What are SP (stack) and LR in ARM?

LR is link register used to hold the return address for a function call.

SP is stack pointer. The stack is generally used to hold "automatic" variables and context/parameters across function calls. Conceptually you can think of the "stack" as a place where you "pile" your data. You keep "stacking" one piece of data over the other and the stack pointer tells you how "high" your "stack" of data is. You can remove data from the "top" of the "stack" and make it shorter.

From the ARM architecture reference:

SP, the Stack Pointer

Register R13 is used as a pointer to the active stack.

In Thumb code, most instructions cannot access SP. The only instructions that can access SP are those designed to use SP as a stack pointer.

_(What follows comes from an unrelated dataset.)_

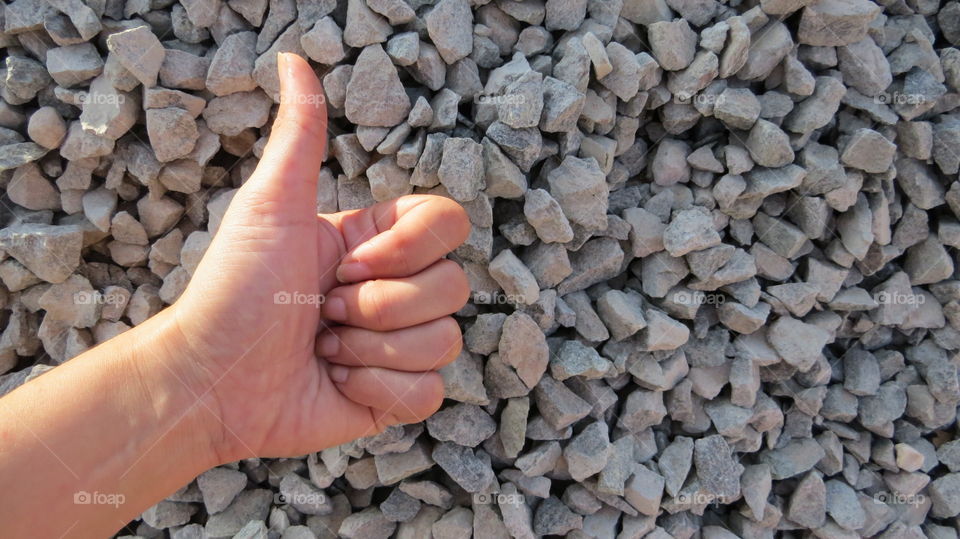 beautiful stones , ashes , walls, floor , rock gravel, beautiful , natural , construction of my house with stones photo with CanonSx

The use of SP for any purpose other than as a stack pointer is deprecated. Note Using SP for any purpose other than as a stack pointer is likely to break the requirements of operating systems, debuggers, and other software systems, causing them to malfunction.

LR, the Link Register

Register R14 is used to store the return address from a subroutine. At other times, LR can be used for other purposes.

When a BL or BLX instruction performs a subroutine call, LR is set to the subroutine return address. To perform a subroutine return, copy LR back to the program counter. This is typically done in one of two ways, after entering the subroutine with a BL or BLX instruction:

• Return with a BX LR instruction.

• On subroutine entry, store LR to the stack with an instruction of the form: PUSH {,LR} and use a matching instruction to return: POP {,PC} ...

This link gives an example of a trivial subroutine.

Here is an example of how registers are saved on the stack prior to a call and then popped back to restore their content.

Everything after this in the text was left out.